**Work to be completed**
In the records below, find the line holding "Police keep vigil" and the line holding "151 Louise Lane, San Mateo, CA 94403". Set down both, with every line between them, exactly.

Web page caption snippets
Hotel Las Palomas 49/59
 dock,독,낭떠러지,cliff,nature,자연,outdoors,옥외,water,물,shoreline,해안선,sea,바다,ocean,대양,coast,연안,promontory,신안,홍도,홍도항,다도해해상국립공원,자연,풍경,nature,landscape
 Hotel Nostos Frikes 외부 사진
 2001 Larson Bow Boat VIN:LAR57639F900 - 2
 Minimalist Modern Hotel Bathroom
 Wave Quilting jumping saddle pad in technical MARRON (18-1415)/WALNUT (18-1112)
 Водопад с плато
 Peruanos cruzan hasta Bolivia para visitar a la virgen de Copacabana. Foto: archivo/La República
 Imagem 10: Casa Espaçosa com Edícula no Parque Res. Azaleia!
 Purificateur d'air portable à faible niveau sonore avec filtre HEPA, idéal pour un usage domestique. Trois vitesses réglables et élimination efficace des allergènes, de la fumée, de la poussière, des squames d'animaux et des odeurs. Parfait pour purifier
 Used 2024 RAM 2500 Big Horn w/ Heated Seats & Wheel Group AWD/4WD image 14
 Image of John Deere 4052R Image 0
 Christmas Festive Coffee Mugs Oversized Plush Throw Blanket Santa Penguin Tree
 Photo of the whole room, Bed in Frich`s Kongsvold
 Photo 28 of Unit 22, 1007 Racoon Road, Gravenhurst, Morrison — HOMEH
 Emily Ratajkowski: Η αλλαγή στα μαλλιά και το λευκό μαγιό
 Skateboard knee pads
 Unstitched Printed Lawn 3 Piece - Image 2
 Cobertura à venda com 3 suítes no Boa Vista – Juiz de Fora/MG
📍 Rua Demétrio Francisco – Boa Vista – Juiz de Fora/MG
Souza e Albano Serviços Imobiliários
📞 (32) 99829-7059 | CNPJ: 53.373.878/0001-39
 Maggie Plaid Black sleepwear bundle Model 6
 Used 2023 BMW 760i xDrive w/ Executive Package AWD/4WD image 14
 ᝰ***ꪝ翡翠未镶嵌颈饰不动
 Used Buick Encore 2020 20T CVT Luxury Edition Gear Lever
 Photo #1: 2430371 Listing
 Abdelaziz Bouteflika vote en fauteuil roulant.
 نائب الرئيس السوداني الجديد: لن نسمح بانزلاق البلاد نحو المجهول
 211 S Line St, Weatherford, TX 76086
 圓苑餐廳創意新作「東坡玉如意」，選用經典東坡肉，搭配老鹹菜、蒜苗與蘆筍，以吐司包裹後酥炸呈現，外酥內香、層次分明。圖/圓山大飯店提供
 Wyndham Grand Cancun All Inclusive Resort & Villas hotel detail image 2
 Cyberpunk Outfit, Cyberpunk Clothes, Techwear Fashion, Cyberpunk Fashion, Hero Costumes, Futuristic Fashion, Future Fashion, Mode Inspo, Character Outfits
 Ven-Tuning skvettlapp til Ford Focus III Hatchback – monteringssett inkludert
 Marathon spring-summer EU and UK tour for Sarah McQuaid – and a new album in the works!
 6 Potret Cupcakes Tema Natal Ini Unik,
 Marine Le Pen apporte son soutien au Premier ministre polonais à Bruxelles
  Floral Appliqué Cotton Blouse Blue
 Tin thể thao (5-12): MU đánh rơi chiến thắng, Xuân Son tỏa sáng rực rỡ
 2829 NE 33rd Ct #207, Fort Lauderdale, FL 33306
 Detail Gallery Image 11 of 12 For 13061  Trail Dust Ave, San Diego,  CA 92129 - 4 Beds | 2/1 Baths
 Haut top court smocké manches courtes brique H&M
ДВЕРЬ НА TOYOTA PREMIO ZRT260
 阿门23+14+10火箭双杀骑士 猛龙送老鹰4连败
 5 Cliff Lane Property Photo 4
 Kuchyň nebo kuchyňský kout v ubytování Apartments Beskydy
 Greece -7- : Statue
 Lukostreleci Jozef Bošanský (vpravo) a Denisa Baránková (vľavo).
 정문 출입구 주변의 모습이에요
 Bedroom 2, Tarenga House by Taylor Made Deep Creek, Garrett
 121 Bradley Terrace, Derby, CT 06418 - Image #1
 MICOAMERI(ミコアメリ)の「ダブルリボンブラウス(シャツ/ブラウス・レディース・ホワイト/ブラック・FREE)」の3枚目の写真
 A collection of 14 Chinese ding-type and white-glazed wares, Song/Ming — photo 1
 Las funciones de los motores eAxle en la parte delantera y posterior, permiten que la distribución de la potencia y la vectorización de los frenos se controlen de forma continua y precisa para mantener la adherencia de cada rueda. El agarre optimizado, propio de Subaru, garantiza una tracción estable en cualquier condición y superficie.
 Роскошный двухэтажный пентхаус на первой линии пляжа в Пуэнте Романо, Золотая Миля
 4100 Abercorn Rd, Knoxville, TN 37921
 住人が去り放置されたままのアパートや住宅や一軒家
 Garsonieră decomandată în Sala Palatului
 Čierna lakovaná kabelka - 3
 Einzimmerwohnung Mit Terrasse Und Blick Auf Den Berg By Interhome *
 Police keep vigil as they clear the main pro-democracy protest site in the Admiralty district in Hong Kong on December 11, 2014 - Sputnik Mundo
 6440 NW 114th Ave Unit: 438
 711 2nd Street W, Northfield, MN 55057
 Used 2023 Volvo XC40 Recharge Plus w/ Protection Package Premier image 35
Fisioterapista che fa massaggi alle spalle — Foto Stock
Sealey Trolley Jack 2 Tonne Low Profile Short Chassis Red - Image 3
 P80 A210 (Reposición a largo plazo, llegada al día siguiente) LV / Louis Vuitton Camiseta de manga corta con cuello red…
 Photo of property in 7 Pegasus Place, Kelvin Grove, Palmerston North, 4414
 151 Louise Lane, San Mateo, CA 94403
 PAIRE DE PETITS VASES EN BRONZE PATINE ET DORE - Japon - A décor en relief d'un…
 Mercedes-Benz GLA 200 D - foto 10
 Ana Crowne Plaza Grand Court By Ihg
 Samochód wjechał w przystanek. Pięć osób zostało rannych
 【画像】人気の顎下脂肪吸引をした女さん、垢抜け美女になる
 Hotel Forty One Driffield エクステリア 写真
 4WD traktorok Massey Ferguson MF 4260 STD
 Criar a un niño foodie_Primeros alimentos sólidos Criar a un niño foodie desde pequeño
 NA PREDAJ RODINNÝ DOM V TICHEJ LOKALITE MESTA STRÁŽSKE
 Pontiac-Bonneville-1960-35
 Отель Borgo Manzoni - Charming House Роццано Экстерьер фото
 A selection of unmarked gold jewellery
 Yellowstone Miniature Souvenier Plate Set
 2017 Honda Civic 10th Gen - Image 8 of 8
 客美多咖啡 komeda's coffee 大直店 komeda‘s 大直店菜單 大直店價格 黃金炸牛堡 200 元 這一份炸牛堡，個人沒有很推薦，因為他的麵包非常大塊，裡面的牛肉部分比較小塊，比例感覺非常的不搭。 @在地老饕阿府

**Exercise output**
 Police keep vigil as they clear the main pro-democracy protest site in the Admiralty district in Hong Kong on December 11, 2014 - Sputnik Mundo
 6440 NW 114th Ave Unit: 438
 711 2nd Street W, Northfield, MN 55057
 Used 2023 Volvo XC40 Recharge Plus w/ Protection Package Premier image 35
Fisioterapista che fa massaggi alle spalle — Foto Stock
Sealey Trolley Jack 2 Tonne Low Profile Short Chassis Red - Image 3
 P80 A210 (Reposición a largo plazo, llegada al día siguiente) LV / Louis Vuitton Camiseta de manga corta con cuello red…
 Photo of property in 7 Pegasus Place, Kelvin Grove, Palmerston North, 4414
 151 Louise Lane, San Mateo, CA 94403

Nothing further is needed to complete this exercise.